„Ich stand dort, vor Angst zitternd. Ich fühlte den großen, unendlich langen Schrei durch die Natur.“ So beschrieb Edvard Munch (1863-1944) sein wohl berühmtestes Gemälde, „Der Schrei“. Vor 150 Jahren, am 12. Dezember 1863, wurde der Künstler im norwegischen L?ten geboren. „Der Schrei“ gilt als erstes Bild des Expressionismus' und als Meisterwerk dieser Epoche. Munch fertigte vier fast identische Werke mit diesem Motiv an, die sich nur in einigen Farbnuancen und der Maltechnik unterscheiden.

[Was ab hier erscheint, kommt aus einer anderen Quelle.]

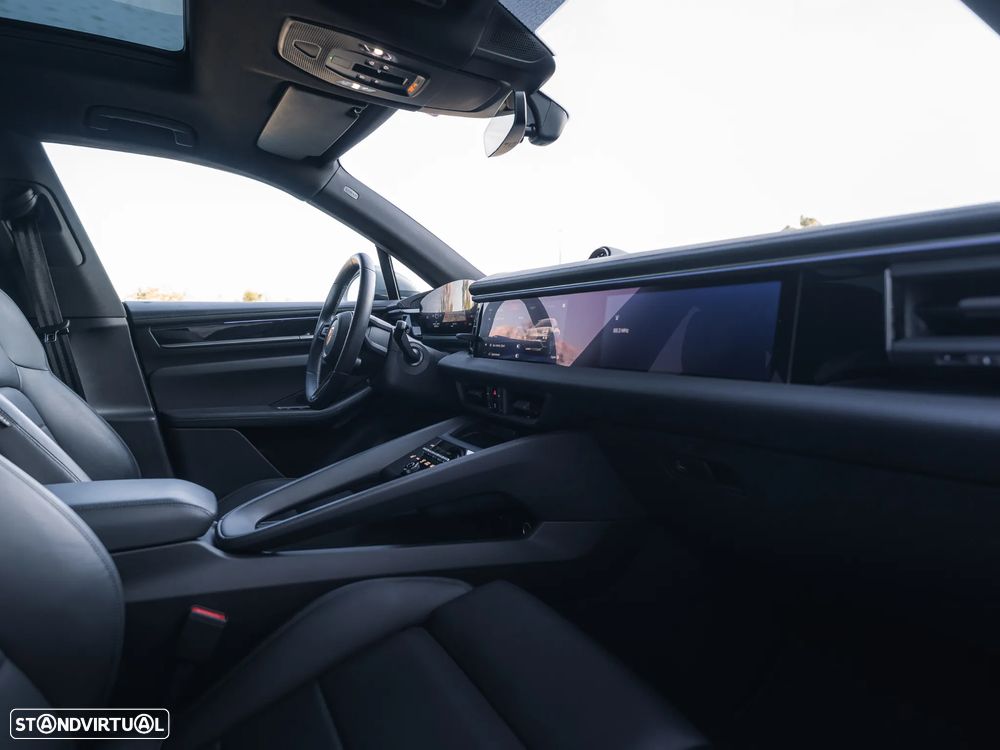 Porsche Macan Electric 4 - 12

Die Verzweiflung und der Schrecken der Figur im Vordergrund des Bildes werden mit der Landschaft und dem Himmel sichtbar gemacht – als breite sich der Schrei in Wellen blinder Angst aus. „Ich male nicht, was ich sehe, sondern, was ich sah“, umschrieb Munch einmal seine Kunstauffassung, die zutiefst dem persönlichen Erleben verpflichtet war. Wie bei kaum einem Maler vor ihm beherrschen Gefühle und Seelenzustände seine Bildthemen. Und es gelingt ihm, Abgründe des menschlichen Daseins festzuhalten.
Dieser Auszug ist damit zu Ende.